The Solicitor-General (Ms Harriet Harman)

The Attorney-General's consent is required to bring a prosecution for most offences contrary to the Official Secrets Acts 1911 or 1989. The Attorney-General considers first whether there is enough evidence to provide a realistic prospect of conviction. If there is sufficient evidence, the Attorney-General considers whether a prosecution is needed in the public interest. The more serious the offence the more likely it is that a prosecution will be needed.

Andrew Mackinlay

Ah, so the Attorney-General is to blame then. Next time, I wonder whether the right hon. and learned Lady will counsel her clients in the security and intelligence services that the Official Secrets Act is a deficient and blunt instrument, as well as one that does not meet European norms. Cases such as Shayler, Ponting or Sarah Tisdall, where the judge says, "You wicked, wicked man—six weeks in the slammer", really do not advance national security. We need new, modern legislation that will protect our critical interest as well as allowing justice to prevail and allowing people to give the truth when there has been bad mismanagement or irregularity in the security and intelligence services.

The Solicitor-General

My hon. Friend makes three points. The first was on whether we are compliant with our European obligations. The House of Lords has considered the Official Secrets Act and has decided that it is in compliance with the Human Rights Act 1998.

I think that my hon.
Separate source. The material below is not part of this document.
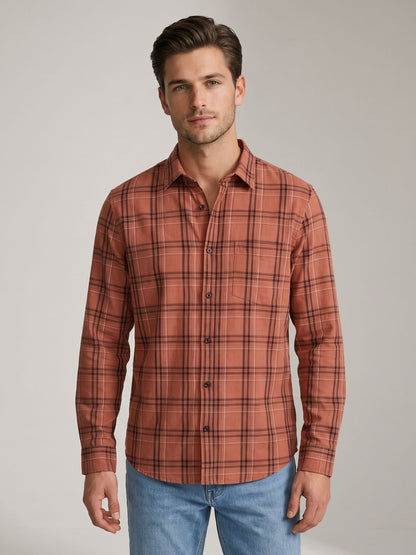 Mokajodi Men's Slim Fit Checks Regular Shirt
Friend's second point related to the sentence in the Shayler case. In fact, the judge said that his starting point would have been 18 months in the circumstances of that offence, but he reduced it because the offender had spent time in prison in France.

On new legislation, obviously the Home Office will keep that issue under review and I am sure that my hon. Friend's comments will have been heard.

Finally, on the accountability and lawfulness of the security services, it is obviously right that the security services are not above the law and that they should be accountable. We take that point very seriously.

Mr. Richard Bacon (South Norfolk)

On the point that the Solicitor-General has just raised, does she accept that the 1989 Act currently assumes that the internal procedures of the Security Service are incapable of failure? However, given that any procedure is capable of failure, should someone have to be put in the position of committing a crime in order to reveal a crime, without the possibility in law of entering a defence?

The Solicitor-General

I think that it used to be the case that it was assumed that the procedure was incapable of failure and that has, rightly, been looked at. The absolute prohibition on a member or former member of the security services giving out intelligence information is mitigated in relation to the public interest in a number of ways. First, as the hon. Gentleman understands, the person can tell their superiors. If that is not acceptable and the person does not want to do that, he can, if he is alleging unlawfulness, go to the Director of Public Prosecutions, the Attorney-General or the Commissioner of Police of the Metropolis. If someone applies to give out information and is refused by his management, he can judicially review that decision as unreasonable. Of course, we also have the Select Committee which scrutinises the security services. I agree with where the hon. Gentleman is coming from: we must have the right opportunities for unlawful actions to be disclosed if they are taking place, but I hope that the procedures that I have described are actually working in that way.